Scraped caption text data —
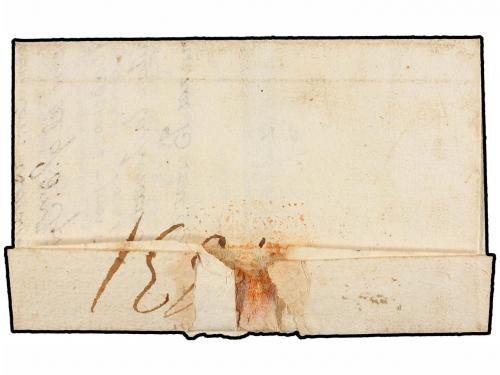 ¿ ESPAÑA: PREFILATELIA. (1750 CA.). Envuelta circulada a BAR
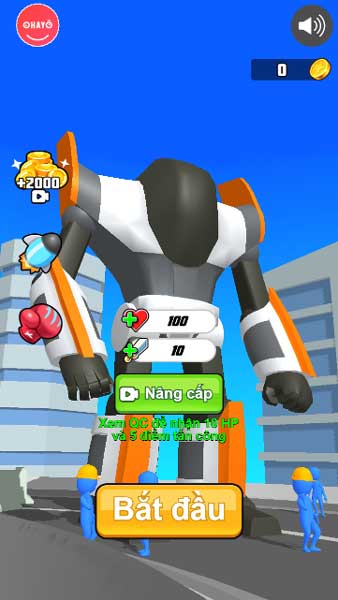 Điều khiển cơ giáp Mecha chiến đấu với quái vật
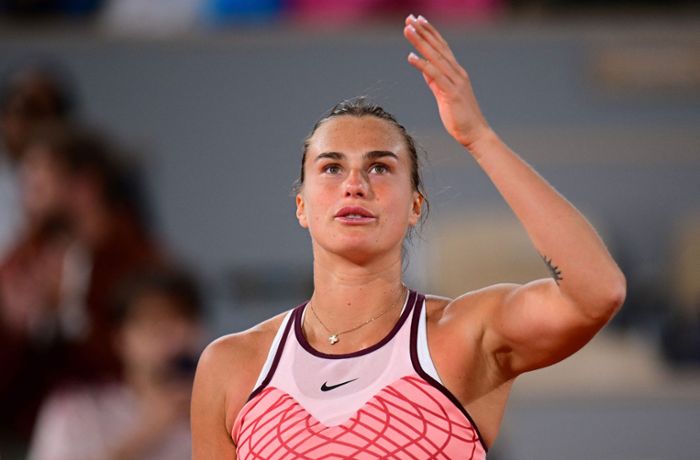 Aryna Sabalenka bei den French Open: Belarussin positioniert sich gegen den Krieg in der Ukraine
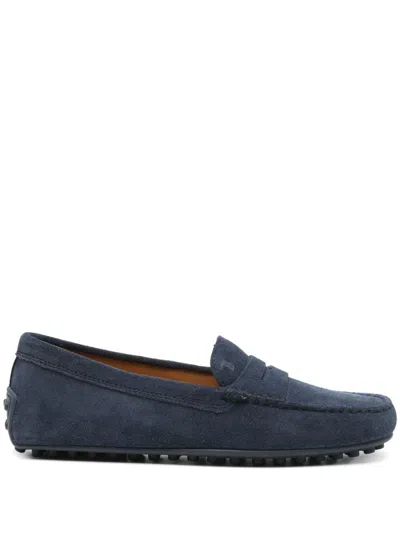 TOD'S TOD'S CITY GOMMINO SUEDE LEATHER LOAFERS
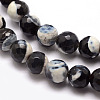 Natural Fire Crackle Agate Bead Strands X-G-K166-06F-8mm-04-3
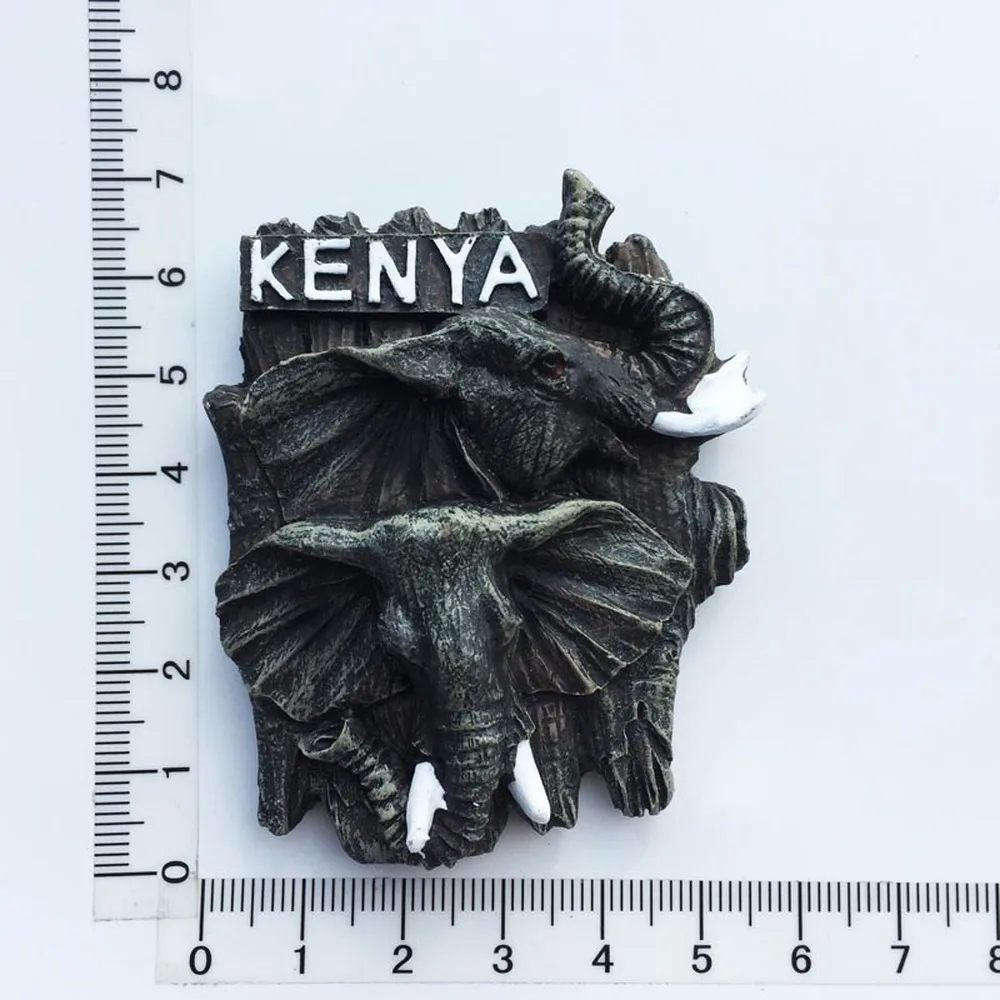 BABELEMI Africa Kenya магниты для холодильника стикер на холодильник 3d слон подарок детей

AIM OF THE EXERCISE — Leave the pictures out and output all of the data verbatim.

RESULT OF THE TASK —
 ¿ ESPAÑA: PREFILATELIA. (1750 CA.). Envuelta circulada a BAR
 Điều khiển cơ giáp Mecha chiến đấu với quái vật
 Aryna Sabalenka bei den French Open: Belarussin positioniert sich gegen den Krieg in der Ukraine
 TOD'S TOD'S CITY GOMMINO SUEDE LEATHER LOAFERS
 Natural Fire Crackle Agate Bead Strands X-G-K166-06F-8mm-04-3
 BABELEMI Africa Kenya магниты для холодильника стикер на холодильник 3d слон подарок детей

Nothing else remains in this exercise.